What Do You Think Dad Will Say?

The teddy bear, or is it a teddy dog, sits on the table with a badly bruised and oozing nose made of yarn. "I wonder what Dad will say when he sees the bear."

The chocolate angel food cake was eaten and enjoyed for dessert. "I wonder what Dad will say when he comes home and sees we had chocolate angel cake food." (This whole angel food cake is a struggle because it doesn't look at all like an angel)

"Mom!" resounds from the bedroom where all were supposed to be sleeping, "My finger's bleeding." And so we assess the injury, a possible picked at hangnail, stick the required band-aid on it, because I don't want to risk more blood on the sheets than necessary. "I wonder what Dad will say when he comes home and sees my band-aid."

And as I think about all this concern about what will Dad think, I wonder to myself, what does my Father think about my attitude or the way I handled that situation.

I whine at Amber to stop whining and fussing and get over it.

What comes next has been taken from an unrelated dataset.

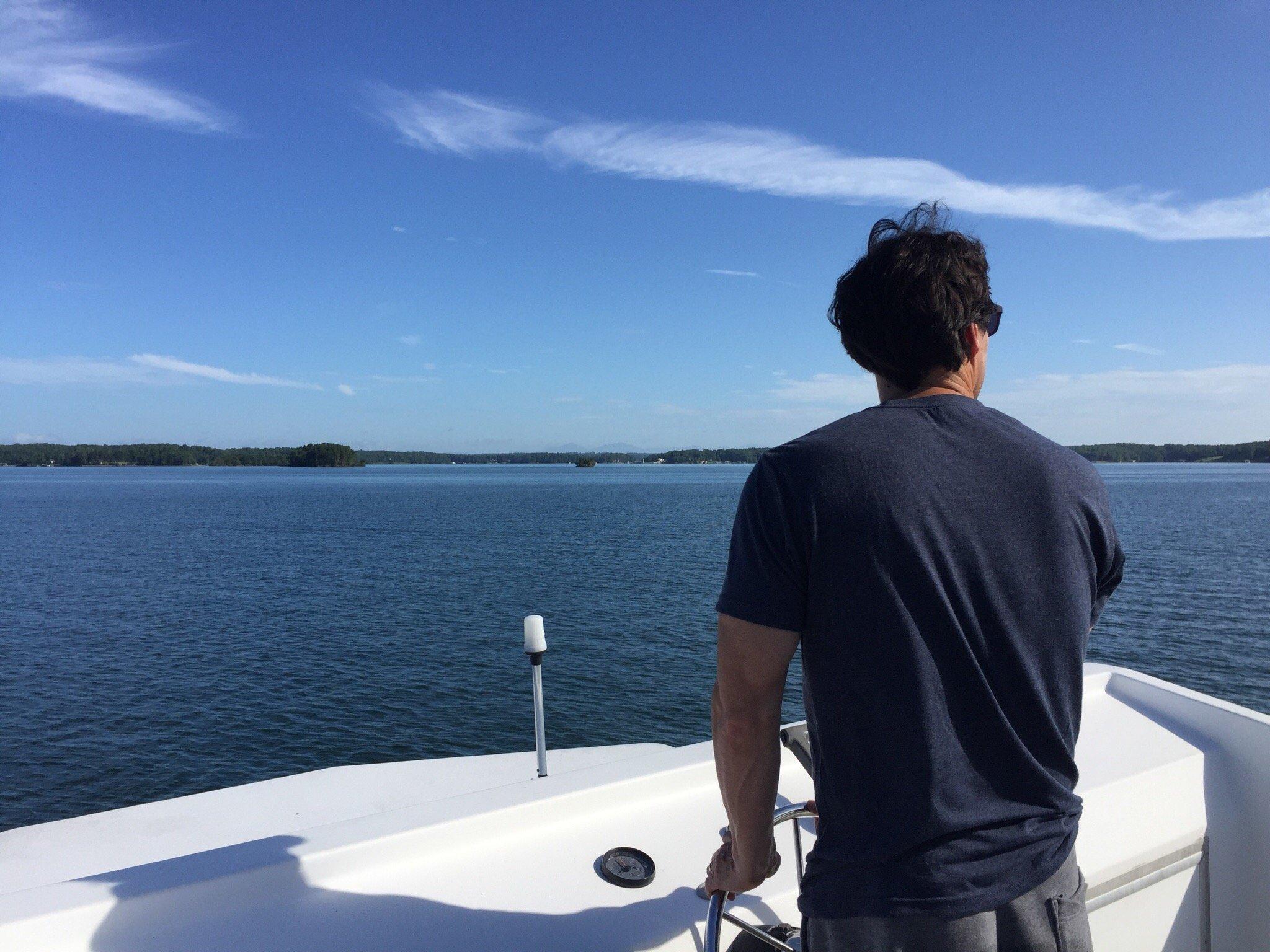 Parrot Cove Boat Rentals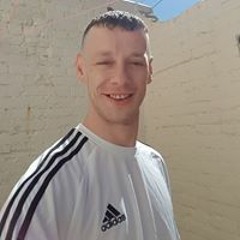 Mark Doherty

Hmm, what does my Father think about the inconsistency expressed there?

I fuss over an inconvenience and potential sacrifice while being forgiven so much on a different day. I wonder what my Father thinks about my attitude.

There's some food for thought here. I'm hearing a lot of reminders questioning what Dad would think and yes, sometimes, it feels like the jury is out on me. If Dad approves of the current state of the house, then all will be well, if not, poor Mom who just didn't get it right. But I am thinking that I should be using those moments to stop and think, "I wonder what my Father is thinking about this."

So yes, daughter, keep reminding me, keep questioning. I know you desperately crave your Daddy's approval (which is dished out in spades to you) and I desperately need my Father's "Well Done" as well.